The information included in this document is to support faculty in teaching about and supporting students with the
T&L (and edTPA) Instructional Plan. While there are many variations of lesson plans, this format meets
departmental requirements and is aligned with the 2014 edTPA as well.

Background Information (When doing the actual edTPA, leave out identifiers)

Teacher Candidate: __Amanda Patrick___________________________Date: __9/7/18____________

Cooperating Teacher: _Ellen Nessen_____________________ Grade:______1st__________
School District: Spokane Public Schools _______________________ School: ___Franklin
University Supervisor: Lori White
Unit/Subject: Math, Cardinality
Instructional Plan Title/Focus: “Show Me”

Section 1: Planning for Instruction and Assessment

a. Instructional Plan Purpose: Teacher candidates explain how this instructional plan develops students’
conceptual understanding of overall content goals. This is sometimes also called a “rationale” and includes a
“what, why, how” general statement (see also Central Focus in edTPA)

This lesson helps students build on their practice of cardinality. By creating the number rack and practicing creating
numbers they are building off their understanding of one to one correspondence as well as classifications and
grouping of numbers. This lesson helps develop the critical skills students will need in order to continue to grow as
math thinkers and segway from counting and grouping to formal addition math problems.

Additionally, explain where in a unit this lesson would be taught. What lesson topic came prior to this one
(yesterday) and what related lesson will come after this one (tomorrow)?

This would be the first lesson of the module. Before this lesson the students would have been practicing counting by
1’s, 2’s, and 5’s as well as practicing explaining their ideas and grouping numbers by 5 and 10. After this lesson
Students will continue to use math racks to understand the correlation and grouping of numbers within 20. This will
sue their math racks to complete math games, and show building (addition) problems to five and 10.

b. State/National Learning Standards: Teacher candidates identify relevant grade level concepts/content and
align them to Content Standards—Common Core Standards or Washington State EALRs, or National.
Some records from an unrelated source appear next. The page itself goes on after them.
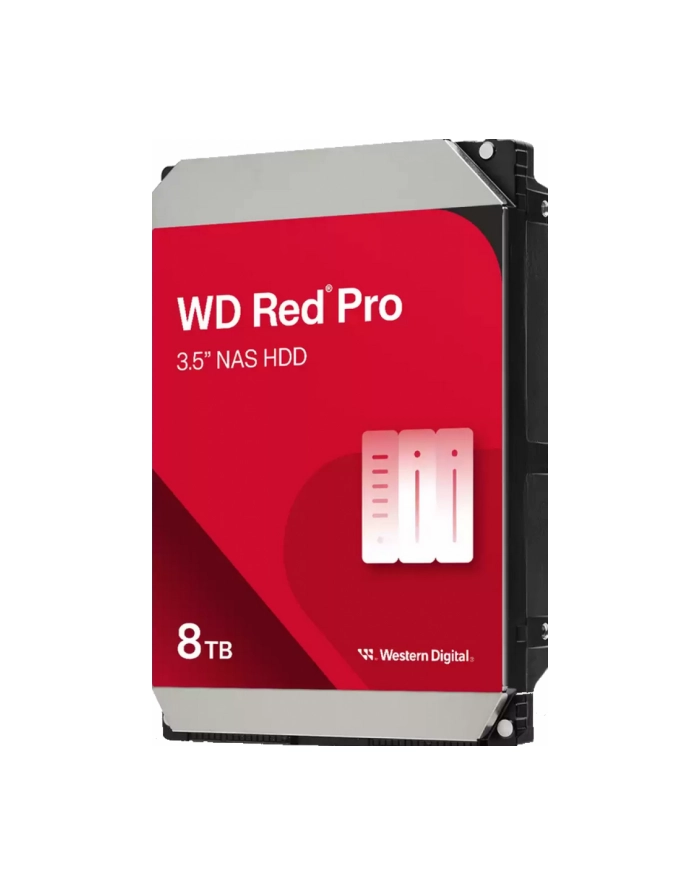 western digital Dysk WD Red™ PRO WD8005FFBX 8TB 3,5'' 7200 256MB SATA III NAS główny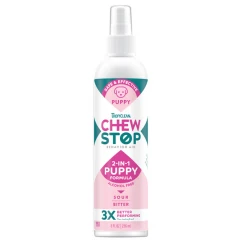 Tropiclean Chew Stop 2 in 1 Puppy Spray Εκπαίδευσης για Κουτάβια 236ml Tropiclean Chew Stop 2 in 1 Puppy Spray Εκπαίδευσης για Κουτάβια 236ml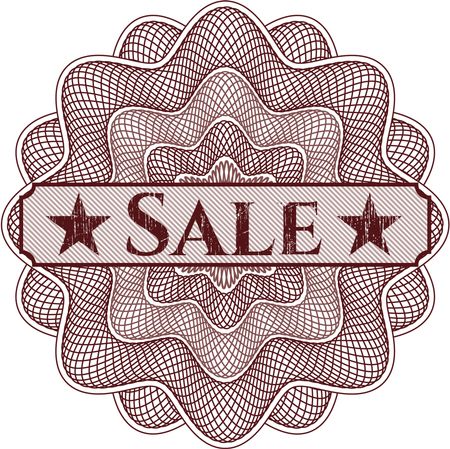 Sale abstract rosette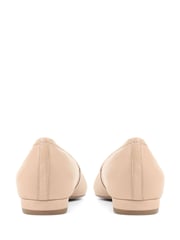 Jones Bootmaker Soleil Leather Low Ballet Shoes - Image 4 of 6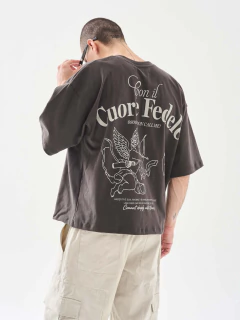 Imagen de ED Remera Boxy Cuore (RE1157)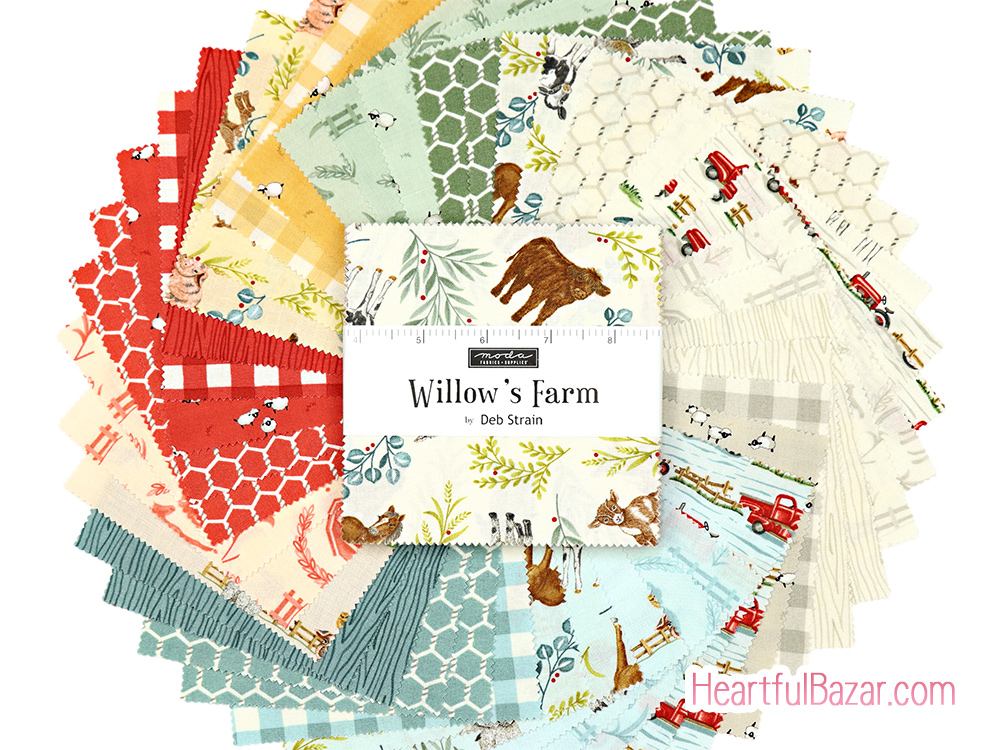 [cp]moda Willow's Farm 42枚セット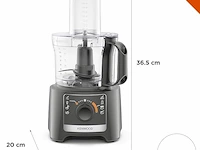 Kenwood multipro compact keukenmachine - afbeelding 5 van  5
Count to 120, starting at any number less than 120. In this range, read and write numerals and
represent a number of objects with a written numeral.

CCSS.MATH.PRACTICE.MP5 Use appropriate tools strategically.

CCSS.MATH.PRACTICE.MP7 Look for and make use of structure.

When counting objects, say the number names in the standard order, pairing each object with one
and only one number name and each number name with one and only one object.
Count to answer "how many?" questions about as many as 20 things arranged in a line, a rectangular
array, or a circle, or as many as 10 things in a scattered configuration; given a number from 1-20,
count out that many objects.
Participate in collaborative conversations with diverse partners about grade 1 topics and texts with
peers and adults in small and larger groups.

c. Content Objectives (to be copied in Assessment Chart below) and alignment to State Learning

1. SWBAT… Count objects one by one, saying the numbers in standard order and pairing each object with only
one number name
Aligned standard:
When counting objects, say the number names in the standard order, pairing each object with one
and only one number name and each number name with one and only one object.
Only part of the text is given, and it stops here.